▶ Instructions to follow
All of the listing should be returned as written, apart from any picture in it.

▶ Information supplied

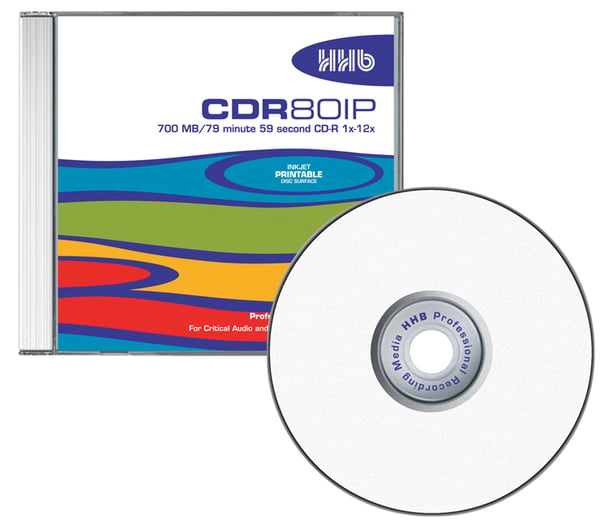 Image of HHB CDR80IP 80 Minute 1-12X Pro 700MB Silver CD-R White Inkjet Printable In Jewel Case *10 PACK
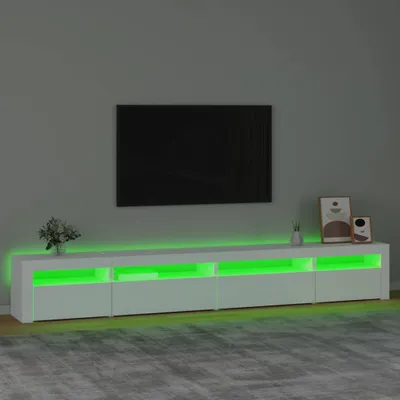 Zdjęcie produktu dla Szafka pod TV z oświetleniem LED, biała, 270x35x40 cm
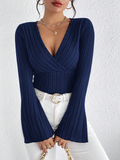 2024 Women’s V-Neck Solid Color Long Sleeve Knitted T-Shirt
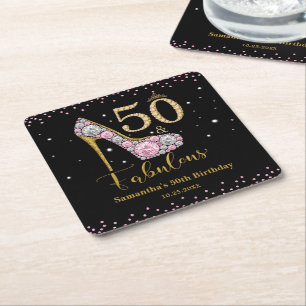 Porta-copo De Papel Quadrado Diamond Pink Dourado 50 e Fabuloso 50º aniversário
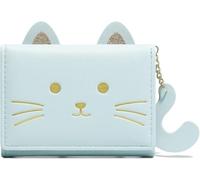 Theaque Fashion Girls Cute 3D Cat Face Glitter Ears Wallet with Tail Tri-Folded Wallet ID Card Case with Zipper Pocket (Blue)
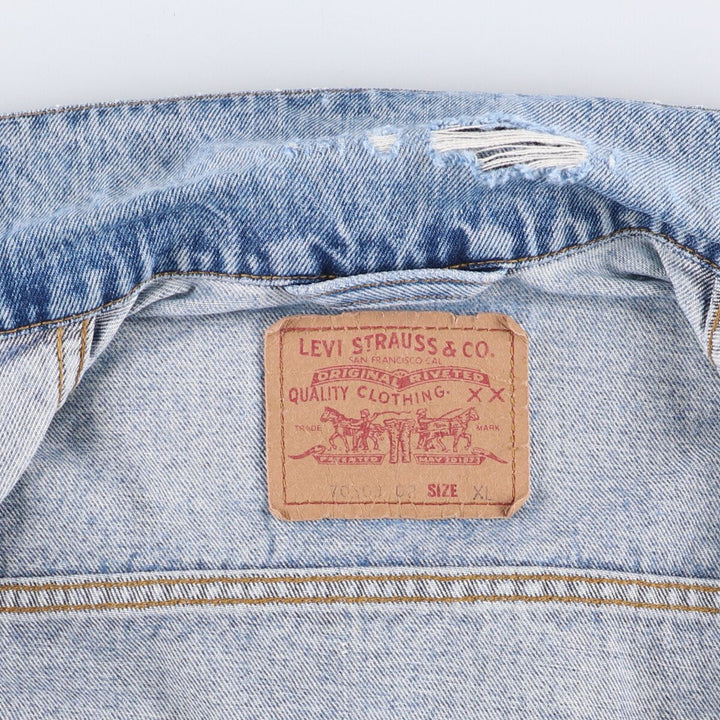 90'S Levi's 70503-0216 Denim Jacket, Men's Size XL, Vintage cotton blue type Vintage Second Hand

▶ Response to the exercise
 Image of HHB CDR80IP 80 Minute 1-12X Pro 700MB Silver CD-R White Inkjet Printable In Jewel Case *10 PACK
 Zdjęcie produktu dla Szafka pod TV z oświetleniem LED, biała, 270x35x40 cm
 2024 Women’s V-Neck Solid Color Long Sleeve Knitted T-Shirt
 Porta-copo De Papel Quadrado Diamond Pink Dourado 50 e Fabuloso 50º aniversário
 Theaque Fashion Girls Cute 3D Cat Face Glitter Ears Wallet with Tail Tri-Folded Wallet ID Card Case with Zipper Pocket (Blue)
 90'S Levi's 70503-0216 Denim Jacket, Men's Size XL, Vintage cotton blue type Vintage Second Hand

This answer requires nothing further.